The Secretive Family Making Billions From the Opioid Crisis; Equire.

It was after the death of their brother when Mortimer and Raymond Sackler founded Purdue Pharma. By 2001 almost 80% of their company’s revenue was made by the marketing and distribution of the pain pill OxyCotin.

““This is essentially a crime family … drug dealers in nice suits and dresses,” said Paul Hanly, a New York city lawyer who represents Suffolk county and is also a lead attorney in a huge civil action playing out in federal court in Cleveland, Ohio, involving opioid manufacturers and distributors.” [The Guardian]

theNewsBlender

In the Massachusetts’s case, Attorney General Maura Healey just filed a new 312-page memorandum detailing “a chain of command that she alleges implicates eight Sackler family members, as well as nine Purdue board members or executives, in the nation’s deadly opioid epidemic,” according to reports from the Washington Post and NPR.

175. At the OxyContin launch party, Richard Sackler spoke as the Senior Vice President responsible for sales.

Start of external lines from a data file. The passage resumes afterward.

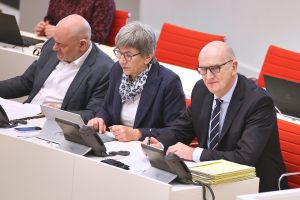 Robert Crumbach, Kathrin Schneider und Dietmar Woidke (Archiv)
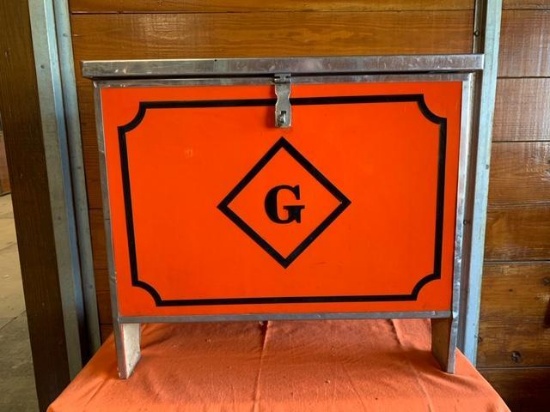Tack box - 21" tall 2' wide 15" deep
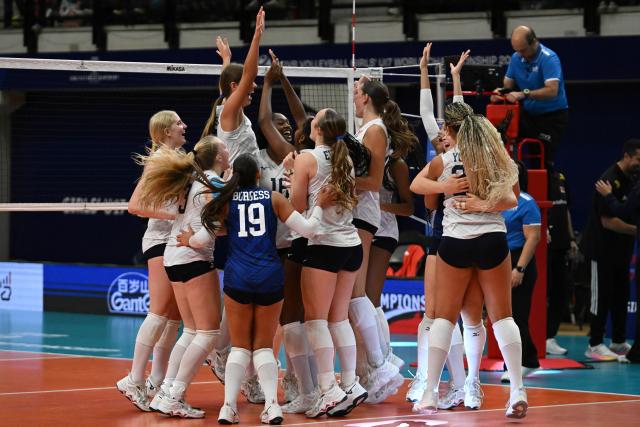 (260817) -- SANTIAGO, Aug. 17, 2026 (Xinhua) -- Players of the United States celebrate after the final match between the United States and Türkiye at the FIVB Volleyball Girls' U17 World Championship in Santiago, Chile, Aug. 16, 2026. (Photo by Jorge Villegas/Xinhua)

He asked the audience to imagine a series of natural disasters: an earthquake, a volcanic eruption, a hurricane, and a blizzard. He said: “the launch of OxyContin Tablets will be followed by a blizzard of prescriptions that will bury the competition. The prescription blizzard will be so deep, dense, and white…” Over the next twenty years, the Sacklers made Richard’s boast come true. They created a manmade disaster. Their blizzard of dangerous prescriptions buried children and parents and grandparents across Massachusetts, and the burials continue.”

NPR

““We have to hammer on the abusers in every way possible,” Sackler wrote in a confidential email in 2001, as the opioid crisis was escalating and pressure was mounting on Purdue. “They are the culprits and the problem. They are reckless criminals.””

Opioids are now more likely to kill people than car crashes, according to the nonprofit National Safety Council. The epidemic started in the late 1990s when people became addicted to prescription painkillers such as OxyContin; after a crackdown on prescribing made the pills harder to obtain, users shifted to heroin and fentanyl, a synthetic opioid now driving overdose deaths.